━━━ DATA RECORDS ━━━

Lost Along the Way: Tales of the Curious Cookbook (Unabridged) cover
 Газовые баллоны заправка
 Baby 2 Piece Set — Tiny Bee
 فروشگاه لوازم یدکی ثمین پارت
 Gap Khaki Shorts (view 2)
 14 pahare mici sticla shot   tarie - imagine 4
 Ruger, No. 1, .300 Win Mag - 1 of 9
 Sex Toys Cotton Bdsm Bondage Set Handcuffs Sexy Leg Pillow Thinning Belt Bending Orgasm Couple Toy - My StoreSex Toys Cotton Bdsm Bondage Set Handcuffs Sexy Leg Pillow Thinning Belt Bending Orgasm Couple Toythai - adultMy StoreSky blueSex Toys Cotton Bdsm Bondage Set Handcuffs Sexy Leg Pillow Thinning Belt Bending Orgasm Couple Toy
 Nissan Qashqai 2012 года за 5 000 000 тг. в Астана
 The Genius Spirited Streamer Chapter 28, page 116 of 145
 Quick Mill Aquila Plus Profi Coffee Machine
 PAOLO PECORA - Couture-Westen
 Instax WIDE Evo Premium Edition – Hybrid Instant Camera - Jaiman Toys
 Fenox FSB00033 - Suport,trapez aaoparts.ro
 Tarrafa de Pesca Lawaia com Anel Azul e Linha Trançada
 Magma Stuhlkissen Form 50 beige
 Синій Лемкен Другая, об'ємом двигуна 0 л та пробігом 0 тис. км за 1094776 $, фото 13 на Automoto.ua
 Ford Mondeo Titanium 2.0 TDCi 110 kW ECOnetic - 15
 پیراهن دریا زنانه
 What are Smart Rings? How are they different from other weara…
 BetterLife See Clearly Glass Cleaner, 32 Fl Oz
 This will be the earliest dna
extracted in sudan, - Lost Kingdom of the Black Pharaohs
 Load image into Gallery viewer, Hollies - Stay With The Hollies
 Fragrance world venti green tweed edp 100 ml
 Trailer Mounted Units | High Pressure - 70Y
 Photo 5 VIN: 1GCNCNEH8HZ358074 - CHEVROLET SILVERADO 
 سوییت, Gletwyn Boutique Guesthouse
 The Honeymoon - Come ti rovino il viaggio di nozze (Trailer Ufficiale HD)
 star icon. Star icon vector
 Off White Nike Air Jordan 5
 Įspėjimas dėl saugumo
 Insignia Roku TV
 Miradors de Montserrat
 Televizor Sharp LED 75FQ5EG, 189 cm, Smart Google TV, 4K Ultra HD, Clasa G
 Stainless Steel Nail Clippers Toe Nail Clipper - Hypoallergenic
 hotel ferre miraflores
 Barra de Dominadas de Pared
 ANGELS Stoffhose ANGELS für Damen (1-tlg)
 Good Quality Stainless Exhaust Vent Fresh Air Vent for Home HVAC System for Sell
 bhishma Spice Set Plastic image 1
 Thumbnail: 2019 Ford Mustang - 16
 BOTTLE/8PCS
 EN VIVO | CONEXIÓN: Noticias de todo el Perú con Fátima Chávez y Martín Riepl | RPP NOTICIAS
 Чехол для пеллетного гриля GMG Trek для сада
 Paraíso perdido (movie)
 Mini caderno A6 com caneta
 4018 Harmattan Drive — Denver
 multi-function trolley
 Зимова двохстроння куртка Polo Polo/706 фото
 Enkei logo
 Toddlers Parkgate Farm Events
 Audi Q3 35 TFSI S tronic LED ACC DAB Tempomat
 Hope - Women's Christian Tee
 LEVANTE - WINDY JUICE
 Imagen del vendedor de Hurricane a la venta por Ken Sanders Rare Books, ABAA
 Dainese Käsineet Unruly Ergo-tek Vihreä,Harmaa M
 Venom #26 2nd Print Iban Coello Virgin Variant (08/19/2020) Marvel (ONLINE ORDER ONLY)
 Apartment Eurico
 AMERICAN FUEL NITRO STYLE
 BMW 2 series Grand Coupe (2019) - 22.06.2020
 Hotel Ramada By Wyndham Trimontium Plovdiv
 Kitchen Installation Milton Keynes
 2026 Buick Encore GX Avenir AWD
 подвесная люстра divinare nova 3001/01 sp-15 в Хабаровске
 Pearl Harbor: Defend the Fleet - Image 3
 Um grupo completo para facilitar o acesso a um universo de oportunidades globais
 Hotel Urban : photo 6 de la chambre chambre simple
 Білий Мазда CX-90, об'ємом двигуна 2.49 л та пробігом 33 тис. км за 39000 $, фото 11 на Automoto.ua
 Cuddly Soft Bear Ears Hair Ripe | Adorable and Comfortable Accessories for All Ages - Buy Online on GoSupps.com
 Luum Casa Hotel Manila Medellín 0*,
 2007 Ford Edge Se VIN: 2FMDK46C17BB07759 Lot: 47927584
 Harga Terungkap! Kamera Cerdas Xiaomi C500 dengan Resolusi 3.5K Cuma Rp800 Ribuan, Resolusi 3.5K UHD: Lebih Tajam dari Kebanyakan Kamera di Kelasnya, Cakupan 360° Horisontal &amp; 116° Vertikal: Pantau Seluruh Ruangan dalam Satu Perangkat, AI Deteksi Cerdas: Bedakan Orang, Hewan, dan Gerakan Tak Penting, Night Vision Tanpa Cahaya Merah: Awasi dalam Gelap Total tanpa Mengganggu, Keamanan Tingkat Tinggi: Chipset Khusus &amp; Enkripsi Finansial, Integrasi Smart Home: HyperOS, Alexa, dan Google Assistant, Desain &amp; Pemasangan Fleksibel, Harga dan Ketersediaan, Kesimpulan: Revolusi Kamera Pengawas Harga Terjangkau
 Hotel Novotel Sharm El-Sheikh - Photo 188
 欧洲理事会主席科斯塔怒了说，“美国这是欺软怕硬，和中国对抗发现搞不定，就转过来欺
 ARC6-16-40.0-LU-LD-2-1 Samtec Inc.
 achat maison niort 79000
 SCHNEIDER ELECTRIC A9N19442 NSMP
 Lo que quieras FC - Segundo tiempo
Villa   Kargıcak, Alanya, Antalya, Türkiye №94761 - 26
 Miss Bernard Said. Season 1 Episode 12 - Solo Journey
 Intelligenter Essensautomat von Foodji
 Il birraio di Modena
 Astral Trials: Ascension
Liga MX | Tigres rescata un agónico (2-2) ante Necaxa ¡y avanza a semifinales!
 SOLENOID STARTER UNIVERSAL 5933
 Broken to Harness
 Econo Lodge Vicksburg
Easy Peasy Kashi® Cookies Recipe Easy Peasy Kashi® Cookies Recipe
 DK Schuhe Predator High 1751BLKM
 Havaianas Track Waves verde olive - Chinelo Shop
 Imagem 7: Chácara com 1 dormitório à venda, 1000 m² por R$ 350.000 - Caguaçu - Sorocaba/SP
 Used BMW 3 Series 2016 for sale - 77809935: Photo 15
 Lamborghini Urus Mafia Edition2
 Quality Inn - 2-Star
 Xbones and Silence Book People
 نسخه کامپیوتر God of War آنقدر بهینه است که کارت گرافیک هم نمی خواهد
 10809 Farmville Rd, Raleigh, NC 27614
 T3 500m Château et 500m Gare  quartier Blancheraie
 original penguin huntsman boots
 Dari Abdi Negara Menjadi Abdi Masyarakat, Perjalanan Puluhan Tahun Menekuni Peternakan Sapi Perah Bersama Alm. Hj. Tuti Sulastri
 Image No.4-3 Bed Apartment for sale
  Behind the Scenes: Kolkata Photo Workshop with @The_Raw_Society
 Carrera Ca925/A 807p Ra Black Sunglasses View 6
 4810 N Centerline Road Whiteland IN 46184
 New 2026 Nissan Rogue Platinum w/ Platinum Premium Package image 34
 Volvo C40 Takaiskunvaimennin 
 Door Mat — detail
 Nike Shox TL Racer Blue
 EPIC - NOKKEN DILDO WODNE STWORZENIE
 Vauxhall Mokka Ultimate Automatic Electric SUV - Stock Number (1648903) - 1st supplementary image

━━━

Wherever the line holding "Mini caderno A6 com caneta" falls in the entries above, copy exactly from it through the line holding "Pearl Harbor: Defend the Fleet - Image 3", inclusive, and add nothing.

> _YOUR RESPONSE_:
 Mini caderno A6 com caneta
 4018 Harmattan Drive — Denver
 multi-function trolley
 Зимова двохстроння куртка Polo Polo/706 фото
 Enkei logo
 Toddlers Parkgate Farm Events
 Audi Q3 35 TFSI S tronic LED ACC DAB Tempomat
 Hope - Women's Christian Tee
 LEVANTE - WINDY JUICE
 Imagen del vendedor de Hurricane a la venta por Ken Sanders Rare Books, ABAA
 Dainese Käsineet Unruly Ergo-tek Vihreä,Harmaa M
 Venom #26 2nd Print Iban Coello Virgin Variant (08/19/2020) Marvel (ONLINE ORDER ONLY)
 Apartment Eurico
 AMERICAN FUEL NITRO STYLE
 BMW 2 series Grand Coupe (2019) - 22.06.2020
 Hotel Ramada By Wyndham Trimontium Plovdiv
 Kitchen Installation Milton Keynes
 2026 Buick Encore GX Avenir AWD
 подвесная люстра divinare nova 3001/01 sp-15 в Хабаровске
 Pearl Harbor: Defend the Fleet - Image 3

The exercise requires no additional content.